:: Aim of the exercise ::
Every entry should appear in your answer exactly as it does here.

:: Exercise material ::
*** Block opens ***

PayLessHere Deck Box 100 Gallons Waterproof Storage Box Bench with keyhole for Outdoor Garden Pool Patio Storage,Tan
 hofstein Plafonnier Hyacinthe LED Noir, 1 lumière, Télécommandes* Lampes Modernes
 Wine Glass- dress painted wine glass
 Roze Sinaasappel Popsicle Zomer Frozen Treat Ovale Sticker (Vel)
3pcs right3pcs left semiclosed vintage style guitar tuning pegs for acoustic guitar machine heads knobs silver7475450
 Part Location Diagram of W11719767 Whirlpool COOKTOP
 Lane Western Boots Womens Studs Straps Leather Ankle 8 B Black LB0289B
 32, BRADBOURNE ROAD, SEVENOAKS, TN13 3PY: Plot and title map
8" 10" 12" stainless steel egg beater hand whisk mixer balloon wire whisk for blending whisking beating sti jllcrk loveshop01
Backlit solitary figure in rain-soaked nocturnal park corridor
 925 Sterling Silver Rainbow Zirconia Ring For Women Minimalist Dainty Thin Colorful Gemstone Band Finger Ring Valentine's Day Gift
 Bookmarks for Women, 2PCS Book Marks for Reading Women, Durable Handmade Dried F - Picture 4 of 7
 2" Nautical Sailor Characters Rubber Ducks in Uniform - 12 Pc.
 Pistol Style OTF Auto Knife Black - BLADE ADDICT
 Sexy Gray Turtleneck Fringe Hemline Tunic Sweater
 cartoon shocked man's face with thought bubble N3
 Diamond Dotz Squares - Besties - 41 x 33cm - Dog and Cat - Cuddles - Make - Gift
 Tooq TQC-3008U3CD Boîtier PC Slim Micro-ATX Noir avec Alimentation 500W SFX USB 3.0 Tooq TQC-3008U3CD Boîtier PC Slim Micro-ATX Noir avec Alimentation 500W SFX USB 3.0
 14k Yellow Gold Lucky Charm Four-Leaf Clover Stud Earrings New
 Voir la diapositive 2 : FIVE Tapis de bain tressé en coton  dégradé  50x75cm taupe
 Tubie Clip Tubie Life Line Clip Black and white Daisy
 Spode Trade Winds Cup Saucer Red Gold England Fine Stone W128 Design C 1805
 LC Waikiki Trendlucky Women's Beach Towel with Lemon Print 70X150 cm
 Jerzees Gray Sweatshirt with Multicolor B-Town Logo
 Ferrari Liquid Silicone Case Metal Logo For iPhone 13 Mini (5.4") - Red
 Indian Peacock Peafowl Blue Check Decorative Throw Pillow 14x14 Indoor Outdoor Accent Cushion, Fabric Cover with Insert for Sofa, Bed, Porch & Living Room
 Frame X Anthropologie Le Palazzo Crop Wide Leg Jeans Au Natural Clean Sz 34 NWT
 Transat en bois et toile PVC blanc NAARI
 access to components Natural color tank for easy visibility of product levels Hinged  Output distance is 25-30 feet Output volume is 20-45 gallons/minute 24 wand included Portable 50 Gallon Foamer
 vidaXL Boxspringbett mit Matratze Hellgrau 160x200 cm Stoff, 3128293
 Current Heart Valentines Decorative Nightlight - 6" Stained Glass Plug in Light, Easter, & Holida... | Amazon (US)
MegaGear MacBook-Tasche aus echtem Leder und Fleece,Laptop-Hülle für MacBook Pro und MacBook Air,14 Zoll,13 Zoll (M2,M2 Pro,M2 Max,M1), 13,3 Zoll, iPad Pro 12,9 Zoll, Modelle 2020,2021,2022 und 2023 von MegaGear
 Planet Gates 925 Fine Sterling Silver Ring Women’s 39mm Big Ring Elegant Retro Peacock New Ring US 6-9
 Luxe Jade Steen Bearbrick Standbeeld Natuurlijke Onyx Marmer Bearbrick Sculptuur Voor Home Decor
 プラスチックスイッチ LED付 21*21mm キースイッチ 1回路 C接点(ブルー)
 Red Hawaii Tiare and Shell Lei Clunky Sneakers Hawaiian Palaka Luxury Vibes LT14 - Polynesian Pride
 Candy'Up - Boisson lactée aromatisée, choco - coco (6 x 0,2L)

*** Block closes ***

:: Solution to this task ::
PayLessHere Deck Box 100 Gallons Waterproof Storage Box Bench with keyhole for Outdoor Garden Pool Patio Storage,Tan
 hofstein Plafonnier Hyacinthe LED Noir, 1 lumière, Télécommandes* Lampes Modernes
 Wine Glass- dress painted wine glass
 Roze Sinaasappel Popsicle Zomer Frozen Treat Ovale Sticker (Vel)
3pcs right3pcs left semiclosed vintage style guitar tuning pegs for acoustic guitar machine heads knobs silver7475450
 Part Location Diagram of W11719767 Whirlpool COOKTOP
 Lane Western Boots Womens Studs Straps Leather Ankle 8 B Black LB0289B
 32, BRADBOURNE ROAD, SEVENOAKS, TN13 3PY: Plot and title map
8" 10" 12" stainless steel egg beater hand whisk mixer balloon wire whisk for blending whisking beating sti jllcrk loveshop01
Backlit solitary figure in rain-soaked nocturnal park corridor
 925 Sterling Silver Rainbow Zirconia Ring For Women Minimalist Dainty Thin Colorful Gemstone Band Finger Ring Valentine's Day Gift
 Bookmarks for Women, 2PCS Book Marks for Reading Women, Durable Handmade Dried F - Picture 4 of 7
 2" Nautical Sailor Characters Rubber Ducks in Uniform - 12 Pc.
 Pistol Style OTF Auto Knife Black - BLADE ADDICT
 Sexy Gray Turtleneck Fringe Hemline Tunic Sweater
 cartoon shocked man's face with thought bubble N3
 Diamond Dotz Squares - Besties - 41 x 33cm - Dog and Cat - Cuddles - Make - Gift
 Tooq TQC-3008U3CD Boîtier PC Slim Micro-ATX Noir avec Alimentation 500W SFX USB 3.0 Tooq TQC-3008U3CD Boîtier PC Slim Micro-ATX Noir avec Alimentation 500W SFX USB 3.0
 14k Yellow Gold Lucky Charm Four-Leaf Clover Stud Earrings New
 Voir la diapositive 2 : FIVE Tapis de bain tressé en coton  dégradé  50x75cm taupe
 Tubie Clip Tubie Life Line Clip Black and white Daisy
 Spode Trade Winds Cup Saucer Red Gold England Fine Stone W128 Design C 1805
 LC Waikiki Trendlucky Women's Beach Towel with Lemon Print 70X150 cm
 Jerzees Gray Sweatshirt with Multicolor B-Town Logo
 Ferrari Liquid Silicone Case Metal Logo For iPhone 13 Mini (5.4") - Red
 Indian Peacock Peafowl Blue Check Decorative Throw Pillow 14x14 Indoor Outdoor Accent Cushion, Fabric Cover with Insert for Sofa, Bed, Porch & Living Room
 Frame X Anthropologie Le Palazzo Crop Wide Leg Jeans Au Natural Clean Sz 34 NWT
 Transat en bois et toile PVC blanc NAARI
 access to components Natural color tank for easy visibility of product levels Hinged  Output distance is 25-30 feet Output volume is 20-45 gallons/minute 24 wand included Portable 50 Gallon Foamer
 vidaXL Boxspringbett mit Matratze Hellgrau 160x200 cm Stoff, 3128293
 Current Heart Valentines Decorative Nightlight - 6" Stained Glass Plug in Light, Easter, & Holida... | Amazon (US)
MegaGear MacBook-Tasche aus echtem Leder und Fleece,Laptop-Hülle für MacBook Pro und MacBook Air,14 Zoll,13 Zoll (M2,M2 Pro,M2 Max,M1), 13,3 Zoll, iPad Pro 12,9 Zoll, Modelle 2020,2021,2022 und 2023 von MegaGear
 Planet Gates 925 Fine Sterling Silver Ring Women’s 39mm Big Ring Elegant Retro Peacock New Ring US 6-9
 Luxe Jade Steen Bearbrick Standbeeld Natuurlijke Onyx Marmer Bearbrick Sculptuur Voor Home Decor
 プラスチックスイッチ LED付 21*21mm キースイッチ 1回路 C接点(ブルー)
 Red Hawaii Tiare and Shell Lei Clunky Sneakers Hawaiian Palaka Luxury Vibes LT14 - Polynesian Pride
 Candy'Up - Boisson lactée aromatisée, choco - coco (6 x 0,2L)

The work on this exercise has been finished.